* Exercise:
Look in the material below for the line with "Controllers act as" and the line with "Let's quickly go", then set down exactly those two lines and all lines between, nothing more.

* Exercise material:
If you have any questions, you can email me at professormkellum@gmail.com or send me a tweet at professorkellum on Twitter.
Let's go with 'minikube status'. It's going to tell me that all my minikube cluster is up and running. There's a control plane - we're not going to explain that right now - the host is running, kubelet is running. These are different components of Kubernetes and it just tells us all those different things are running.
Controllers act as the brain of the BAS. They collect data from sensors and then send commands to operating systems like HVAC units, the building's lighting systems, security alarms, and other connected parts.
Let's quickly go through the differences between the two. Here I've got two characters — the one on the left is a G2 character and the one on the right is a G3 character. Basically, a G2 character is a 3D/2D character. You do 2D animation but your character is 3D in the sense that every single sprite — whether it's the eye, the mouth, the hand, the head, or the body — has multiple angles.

---

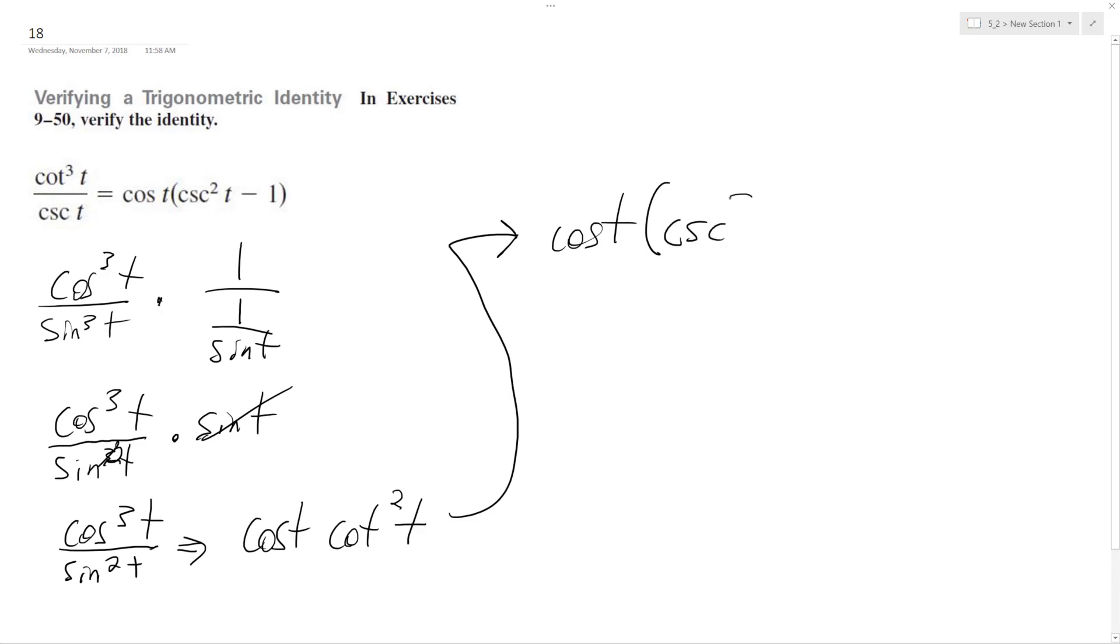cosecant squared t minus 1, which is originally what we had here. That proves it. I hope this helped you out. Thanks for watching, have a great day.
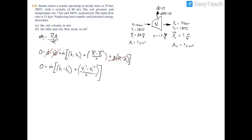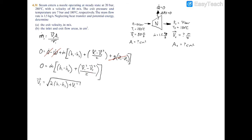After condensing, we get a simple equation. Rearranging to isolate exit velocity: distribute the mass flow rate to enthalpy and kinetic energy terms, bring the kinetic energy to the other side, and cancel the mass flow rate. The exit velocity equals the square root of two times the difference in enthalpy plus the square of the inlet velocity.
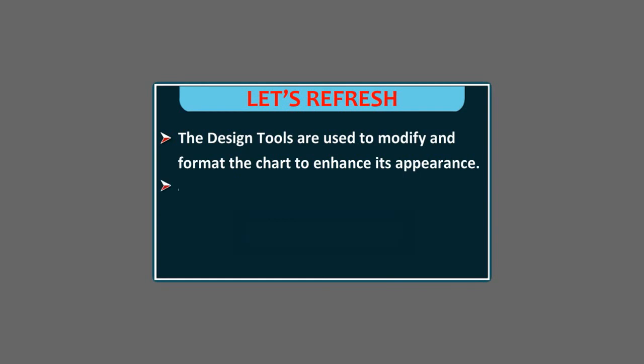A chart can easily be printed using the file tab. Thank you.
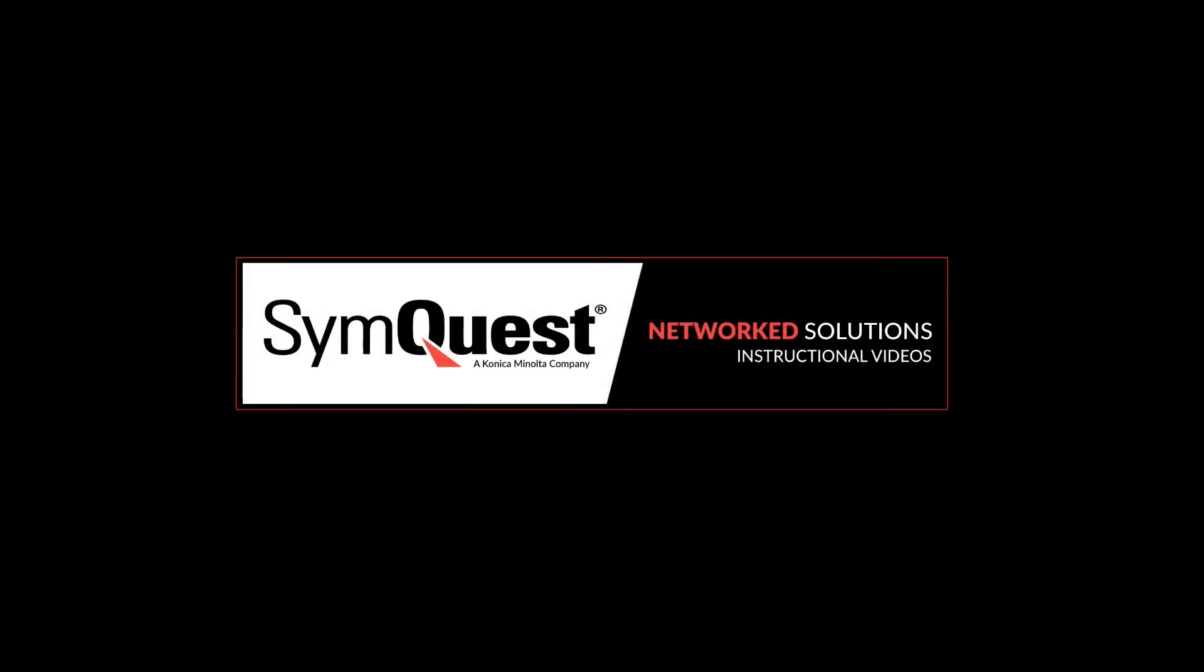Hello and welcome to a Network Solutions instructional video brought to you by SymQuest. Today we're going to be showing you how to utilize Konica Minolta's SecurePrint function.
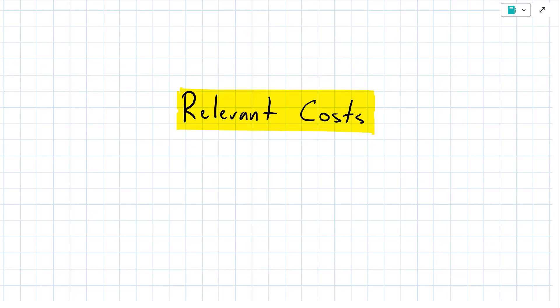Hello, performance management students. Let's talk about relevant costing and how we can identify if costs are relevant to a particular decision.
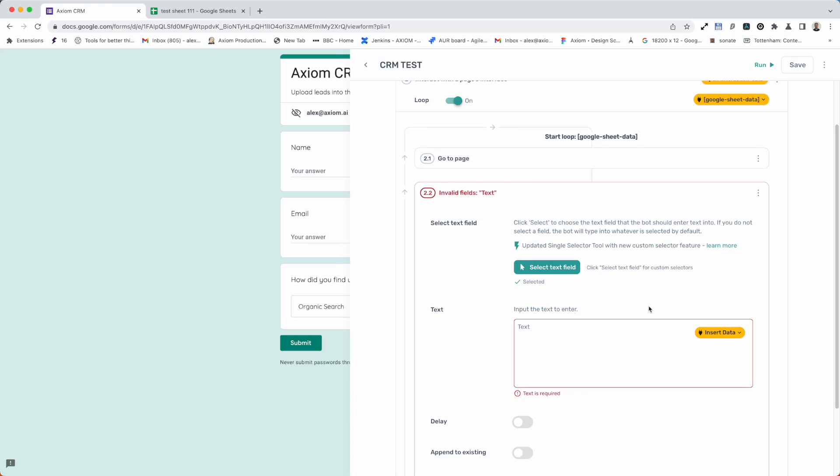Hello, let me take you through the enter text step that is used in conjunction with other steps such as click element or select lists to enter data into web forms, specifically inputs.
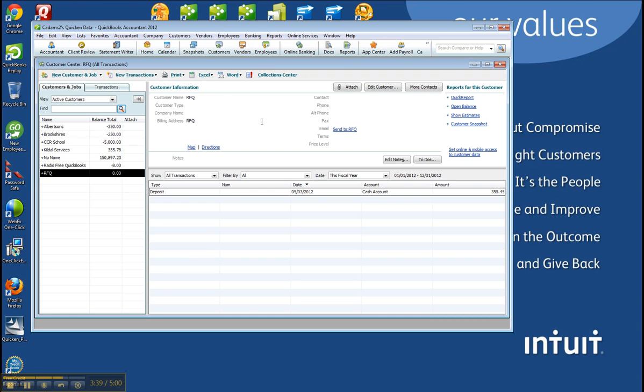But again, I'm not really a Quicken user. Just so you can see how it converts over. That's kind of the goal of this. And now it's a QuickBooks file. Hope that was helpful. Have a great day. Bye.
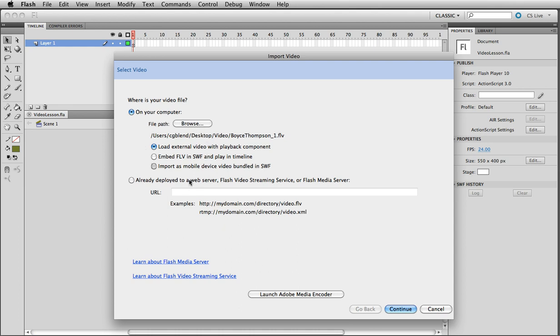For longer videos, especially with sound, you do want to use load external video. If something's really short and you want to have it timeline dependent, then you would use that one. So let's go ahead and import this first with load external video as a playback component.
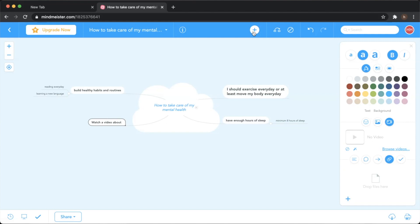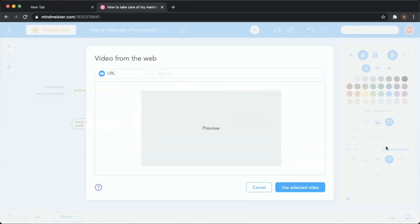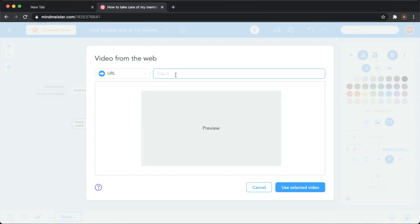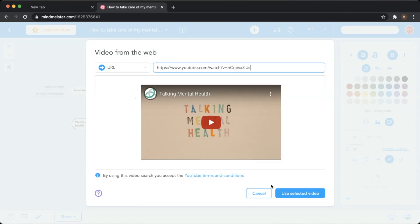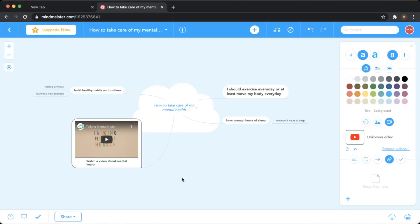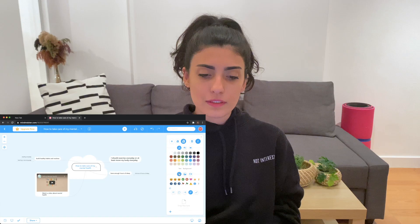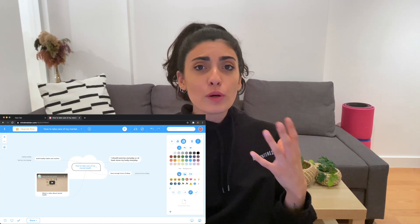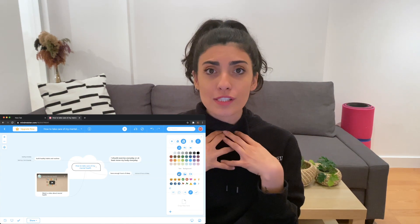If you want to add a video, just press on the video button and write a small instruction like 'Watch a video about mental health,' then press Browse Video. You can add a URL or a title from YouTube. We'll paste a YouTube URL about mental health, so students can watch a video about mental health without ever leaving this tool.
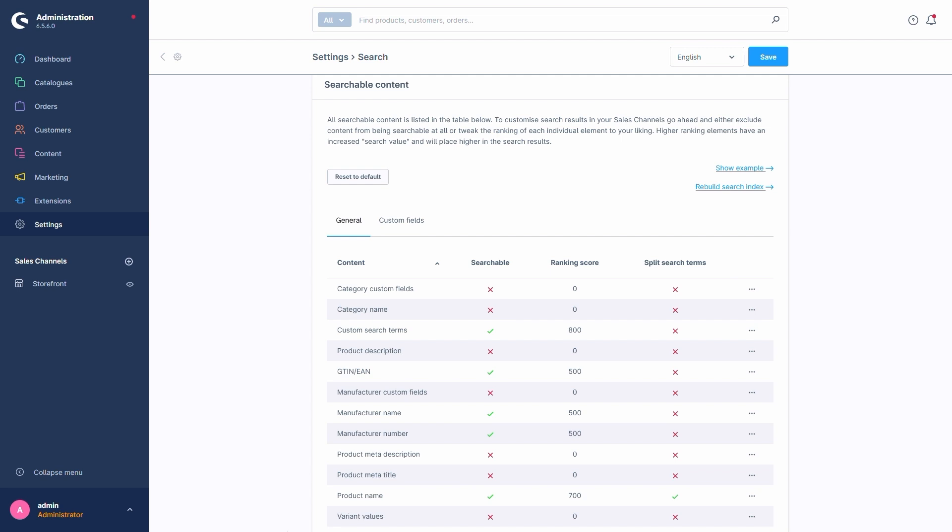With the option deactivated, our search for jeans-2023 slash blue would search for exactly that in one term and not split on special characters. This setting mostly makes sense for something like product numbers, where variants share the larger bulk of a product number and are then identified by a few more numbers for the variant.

---

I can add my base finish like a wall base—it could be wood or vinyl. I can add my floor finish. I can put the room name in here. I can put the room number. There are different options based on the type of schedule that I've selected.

* Response for this exercise:
Controllers act as the brain of the BAS. They collect data from sensors and then send commands to operating systems like HVAC units, the building's lighting systems, security alarms, and other connected parts.
Let's quickly go through the differences between the two. Here I've got two characters — the one on the left is a G2 character and the one on the right is a G3 character. Basically, a G2 character is a 3D/2D character. You do 2D animation but your character is 3D in the sense that every single sprite — whether it's the eye, the mouth, the hand, the head, or the body — has multiple angles.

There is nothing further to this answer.